Reproduce, from the lines below, exactly the stretch that begins at the line containing "Calfskin Intrecciato Metallic" and ends at the line containing "Nahaufnahme von Spider-Man", both included.

Records provided:
--*--
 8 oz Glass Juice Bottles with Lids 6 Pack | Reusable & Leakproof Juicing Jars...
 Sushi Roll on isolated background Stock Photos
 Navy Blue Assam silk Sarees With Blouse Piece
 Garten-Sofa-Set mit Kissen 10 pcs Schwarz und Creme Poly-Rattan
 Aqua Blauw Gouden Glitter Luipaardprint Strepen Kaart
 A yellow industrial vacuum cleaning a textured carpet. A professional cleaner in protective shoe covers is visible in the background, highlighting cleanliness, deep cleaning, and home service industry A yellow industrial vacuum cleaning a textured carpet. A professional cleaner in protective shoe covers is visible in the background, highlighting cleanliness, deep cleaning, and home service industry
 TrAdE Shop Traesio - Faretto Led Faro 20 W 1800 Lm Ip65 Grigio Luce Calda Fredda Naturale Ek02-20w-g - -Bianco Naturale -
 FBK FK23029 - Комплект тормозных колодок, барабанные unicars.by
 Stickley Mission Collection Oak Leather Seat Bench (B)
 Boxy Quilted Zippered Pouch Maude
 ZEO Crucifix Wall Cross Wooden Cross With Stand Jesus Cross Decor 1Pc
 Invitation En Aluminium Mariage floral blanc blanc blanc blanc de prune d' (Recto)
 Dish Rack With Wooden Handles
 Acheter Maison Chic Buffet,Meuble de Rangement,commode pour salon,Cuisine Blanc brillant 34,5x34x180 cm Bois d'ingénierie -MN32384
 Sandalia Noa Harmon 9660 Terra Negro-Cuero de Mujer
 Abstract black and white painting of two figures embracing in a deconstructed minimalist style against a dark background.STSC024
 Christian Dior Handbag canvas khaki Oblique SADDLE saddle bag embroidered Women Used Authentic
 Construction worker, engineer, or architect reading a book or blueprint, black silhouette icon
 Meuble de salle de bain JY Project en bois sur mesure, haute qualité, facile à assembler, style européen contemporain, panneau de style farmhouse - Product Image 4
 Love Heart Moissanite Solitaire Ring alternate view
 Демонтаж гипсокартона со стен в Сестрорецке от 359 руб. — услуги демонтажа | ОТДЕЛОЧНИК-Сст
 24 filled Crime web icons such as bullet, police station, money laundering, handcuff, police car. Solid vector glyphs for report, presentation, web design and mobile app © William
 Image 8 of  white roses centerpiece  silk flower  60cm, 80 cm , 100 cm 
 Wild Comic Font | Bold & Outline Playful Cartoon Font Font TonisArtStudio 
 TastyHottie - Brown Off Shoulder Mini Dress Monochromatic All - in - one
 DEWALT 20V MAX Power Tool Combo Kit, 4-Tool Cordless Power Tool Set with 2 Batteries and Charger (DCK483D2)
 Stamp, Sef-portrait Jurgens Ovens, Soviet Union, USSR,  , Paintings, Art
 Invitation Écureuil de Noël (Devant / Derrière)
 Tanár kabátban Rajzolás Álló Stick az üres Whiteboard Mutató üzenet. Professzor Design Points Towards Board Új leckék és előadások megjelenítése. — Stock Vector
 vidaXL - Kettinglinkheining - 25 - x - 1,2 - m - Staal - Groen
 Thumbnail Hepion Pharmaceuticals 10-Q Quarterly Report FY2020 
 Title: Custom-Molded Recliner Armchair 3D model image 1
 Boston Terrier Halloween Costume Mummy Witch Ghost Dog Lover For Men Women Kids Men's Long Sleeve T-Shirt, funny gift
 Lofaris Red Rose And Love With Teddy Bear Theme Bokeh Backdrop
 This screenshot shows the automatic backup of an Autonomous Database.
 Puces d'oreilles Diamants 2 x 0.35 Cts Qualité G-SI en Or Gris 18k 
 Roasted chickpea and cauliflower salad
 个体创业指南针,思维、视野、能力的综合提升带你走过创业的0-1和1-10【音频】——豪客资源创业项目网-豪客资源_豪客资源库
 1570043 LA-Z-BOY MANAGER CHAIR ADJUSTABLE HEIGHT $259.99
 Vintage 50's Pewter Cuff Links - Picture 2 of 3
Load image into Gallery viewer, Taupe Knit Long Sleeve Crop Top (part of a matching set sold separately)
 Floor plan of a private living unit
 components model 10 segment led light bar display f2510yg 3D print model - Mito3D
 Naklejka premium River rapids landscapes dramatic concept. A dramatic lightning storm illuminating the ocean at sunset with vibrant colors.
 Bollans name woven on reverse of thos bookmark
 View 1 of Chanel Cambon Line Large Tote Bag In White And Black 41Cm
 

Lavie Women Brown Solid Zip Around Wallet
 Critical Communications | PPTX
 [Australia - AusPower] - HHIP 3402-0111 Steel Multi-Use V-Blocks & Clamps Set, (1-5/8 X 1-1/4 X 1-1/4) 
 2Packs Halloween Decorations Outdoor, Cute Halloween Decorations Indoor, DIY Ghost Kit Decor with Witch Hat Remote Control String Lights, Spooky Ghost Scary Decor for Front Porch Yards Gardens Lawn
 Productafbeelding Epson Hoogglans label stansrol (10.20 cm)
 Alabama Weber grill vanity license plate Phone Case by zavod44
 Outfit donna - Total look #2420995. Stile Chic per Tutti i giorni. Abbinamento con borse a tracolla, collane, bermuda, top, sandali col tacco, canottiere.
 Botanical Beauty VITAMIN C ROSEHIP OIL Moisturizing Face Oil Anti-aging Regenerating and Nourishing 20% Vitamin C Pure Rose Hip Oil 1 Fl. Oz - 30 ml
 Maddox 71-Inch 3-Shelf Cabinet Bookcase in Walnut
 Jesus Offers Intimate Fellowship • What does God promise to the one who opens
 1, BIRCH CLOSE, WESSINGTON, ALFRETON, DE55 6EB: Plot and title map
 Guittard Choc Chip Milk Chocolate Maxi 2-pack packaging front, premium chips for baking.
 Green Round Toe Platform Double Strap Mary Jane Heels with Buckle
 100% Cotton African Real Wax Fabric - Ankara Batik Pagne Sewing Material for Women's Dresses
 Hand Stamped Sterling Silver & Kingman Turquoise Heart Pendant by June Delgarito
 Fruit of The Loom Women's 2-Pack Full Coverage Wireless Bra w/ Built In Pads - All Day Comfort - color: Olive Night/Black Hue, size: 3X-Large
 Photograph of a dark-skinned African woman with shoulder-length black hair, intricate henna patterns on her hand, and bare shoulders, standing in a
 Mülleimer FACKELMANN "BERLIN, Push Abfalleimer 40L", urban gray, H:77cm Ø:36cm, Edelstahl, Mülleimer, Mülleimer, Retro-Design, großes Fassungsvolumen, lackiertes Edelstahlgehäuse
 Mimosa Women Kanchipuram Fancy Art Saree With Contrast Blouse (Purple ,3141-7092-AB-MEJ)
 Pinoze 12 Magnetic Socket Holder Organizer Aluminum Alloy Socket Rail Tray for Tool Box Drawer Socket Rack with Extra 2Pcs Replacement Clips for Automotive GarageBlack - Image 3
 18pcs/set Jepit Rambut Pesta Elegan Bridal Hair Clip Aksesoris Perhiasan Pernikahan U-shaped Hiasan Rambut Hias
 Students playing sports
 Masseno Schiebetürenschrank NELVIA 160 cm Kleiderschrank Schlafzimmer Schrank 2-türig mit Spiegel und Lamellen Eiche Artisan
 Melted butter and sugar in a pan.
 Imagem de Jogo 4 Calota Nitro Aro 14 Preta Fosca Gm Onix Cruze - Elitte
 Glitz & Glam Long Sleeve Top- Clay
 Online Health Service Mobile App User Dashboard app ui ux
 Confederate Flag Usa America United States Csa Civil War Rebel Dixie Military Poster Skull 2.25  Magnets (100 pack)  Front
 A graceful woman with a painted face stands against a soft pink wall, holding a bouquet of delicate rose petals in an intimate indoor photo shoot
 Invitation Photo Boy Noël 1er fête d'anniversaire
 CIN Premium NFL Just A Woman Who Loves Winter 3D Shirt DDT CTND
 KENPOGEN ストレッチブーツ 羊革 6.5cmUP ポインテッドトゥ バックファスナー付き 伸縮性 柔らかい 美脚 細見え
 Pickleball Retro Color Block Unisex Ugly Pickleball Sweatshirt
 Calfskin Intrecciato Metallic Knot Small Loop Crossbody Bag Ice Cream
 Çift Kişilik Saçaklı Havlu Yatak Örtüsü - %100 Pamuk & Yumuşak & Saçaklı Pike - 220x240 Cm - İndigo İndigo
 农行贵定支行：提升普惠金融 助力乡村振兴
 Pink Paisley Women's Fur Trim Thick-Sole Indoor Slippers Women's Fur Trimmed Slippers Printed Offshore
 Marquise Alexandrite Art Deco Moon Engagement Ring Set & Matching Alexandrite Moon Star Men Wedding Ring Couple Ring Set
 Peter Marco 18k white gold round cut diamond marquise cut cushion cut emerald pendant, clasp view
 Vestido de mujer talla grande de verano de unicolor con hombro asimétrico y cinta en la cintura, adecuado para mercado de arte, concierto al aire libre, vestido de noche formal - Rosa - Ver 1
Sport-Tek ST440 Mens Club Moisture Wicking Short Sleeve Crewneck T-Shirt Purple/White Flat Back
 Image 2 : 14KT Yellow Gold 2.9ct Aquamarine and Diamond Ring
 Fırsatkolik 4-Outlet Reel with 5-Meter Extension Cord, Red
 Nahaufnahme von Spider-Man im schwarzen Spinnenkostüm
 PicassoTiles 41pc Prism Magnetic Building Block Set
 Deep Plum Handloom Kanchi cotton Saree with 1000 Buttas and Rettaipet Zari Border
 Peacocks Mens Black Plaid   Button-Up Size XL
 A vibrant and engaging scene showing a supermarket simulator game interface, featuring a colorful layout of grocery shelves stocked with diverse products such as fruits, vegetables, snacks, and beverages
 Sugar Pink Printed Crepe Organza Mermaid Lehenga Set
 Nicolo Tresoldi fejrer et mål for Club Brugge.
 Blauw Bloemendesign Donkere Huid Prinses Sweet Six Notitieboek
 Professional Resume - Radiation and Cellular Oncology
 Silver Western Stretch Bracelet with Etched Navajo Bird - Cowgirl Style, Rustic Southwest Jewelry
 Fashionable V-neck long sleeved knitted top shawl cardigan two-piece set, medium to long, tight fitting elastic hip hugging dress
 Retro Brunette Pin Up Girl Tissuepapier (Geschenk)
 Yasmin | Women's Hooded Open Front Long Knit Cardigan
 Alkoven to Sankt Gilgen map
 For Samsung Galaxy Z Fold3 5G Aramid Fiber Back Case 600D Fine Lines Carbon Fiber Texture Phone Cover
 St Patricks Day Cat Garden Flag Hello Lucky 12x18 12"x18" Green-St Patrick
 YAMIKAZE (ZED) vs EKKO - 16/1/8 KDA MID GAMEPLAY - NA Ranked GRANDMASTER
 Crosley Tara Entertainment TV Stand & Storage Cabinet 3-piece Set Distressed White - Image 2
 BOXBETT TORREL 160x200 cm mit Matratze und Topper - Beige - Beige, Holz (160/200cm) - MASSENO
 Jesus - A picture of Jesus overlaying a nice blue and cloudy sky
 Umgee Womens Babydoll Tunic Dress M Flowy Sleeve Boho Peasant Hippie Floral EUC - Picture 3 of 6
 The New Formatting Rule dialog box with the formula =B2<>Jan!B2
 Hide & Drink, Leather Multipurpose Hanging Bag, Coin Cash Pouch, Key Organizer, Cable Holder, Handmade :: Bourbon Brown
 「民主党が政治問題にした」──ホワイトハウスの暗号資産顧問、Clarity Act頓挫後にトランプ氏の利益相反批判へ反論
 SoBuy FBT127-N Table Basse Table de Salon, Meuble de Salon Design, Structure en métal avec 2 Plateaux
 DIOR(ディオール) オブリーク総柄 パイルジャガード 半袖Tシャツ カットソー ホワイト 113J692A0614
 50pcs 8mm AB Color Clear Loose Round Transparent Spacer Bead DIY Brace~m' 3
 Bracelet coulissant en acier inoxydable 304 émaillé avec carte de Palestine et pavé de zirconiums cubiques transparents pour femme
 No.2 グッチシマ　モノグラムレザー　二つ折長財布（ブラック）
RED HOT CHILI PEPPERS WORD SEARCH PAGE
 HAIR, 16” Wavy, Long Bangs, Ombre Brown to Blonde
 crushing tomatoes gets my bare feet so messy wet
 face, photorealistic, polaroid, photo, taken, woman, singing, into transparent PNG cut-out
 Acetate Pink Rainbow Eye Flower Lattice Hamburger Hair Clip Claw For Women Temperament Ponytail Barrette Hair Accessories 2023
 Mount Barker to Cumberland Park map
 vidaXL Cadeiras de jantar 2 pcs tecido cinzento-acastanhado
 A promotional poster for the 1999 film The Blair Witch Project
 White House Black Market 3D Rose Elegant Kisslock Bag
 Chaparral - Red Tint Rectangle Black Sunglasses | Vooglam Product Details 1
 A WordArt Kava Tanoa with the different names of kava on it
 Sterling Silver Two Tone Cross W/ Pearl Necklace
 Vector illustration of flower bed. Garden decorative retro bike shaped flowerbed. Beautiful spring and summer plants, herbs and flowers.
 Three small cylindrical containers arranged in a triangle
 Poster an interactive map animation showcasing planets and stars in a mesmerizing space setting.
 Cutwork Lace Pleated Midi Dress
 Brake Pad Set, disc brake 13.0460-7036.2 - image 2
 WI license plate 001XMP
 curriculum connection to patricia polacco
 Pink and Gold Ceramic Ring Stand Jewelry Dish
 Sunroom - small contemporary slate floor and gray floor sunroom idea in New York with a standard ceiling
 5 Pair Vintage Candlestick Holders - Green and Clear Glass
--*--
Output:
 Calfskin Intrecciato Metallic Knot Small Loop Crossbody Bag Ice Cream
 Çift Kişilik Saçaklı Havlu Yatak Örtüsü - %100 Pamuk & Yumuşak & Saçaklı Pike - 220x240 Cm - İndigo İndigo
 农行贵定支行：提升普惠金融 助力乡村振兴
 Pink Paisley Women's Fur Trim Thick-Sole Indoor Slippers Women's Fur Trimmed Slippers Printed Offshore
 Marquise Alexandrite Art Deco Moon Engagement Ring Set & Matching Alexandrite Moon Star Men Wedding Ring Couple Ring Set
 Peter Marco 18k white gold round cut diamond marquise cut cushion cut emerald pendant, clasp view
 Vestido de mujer talla grande de verano de unicolor con hombro asimétrico y cinta en la cintura, adecuado para mercado de arte, concierto al aire libre, vestido de noche formal - Rosa - Ver 1
Sport-Tek ST440 Mens Club Moisture Wicking Short Sleeve Crewneck T-Shirt Purple/White Flat Back
 Image 2 : 14KT Yellow Gold 2.9ct Aquamarine and Diamond Ring
 Fırsatkolik 4-Outlet Reel with 5-Meter Extension Cord, Red
 Nahaufnahme von Spider-Man im schwarzen Spinnenkostüm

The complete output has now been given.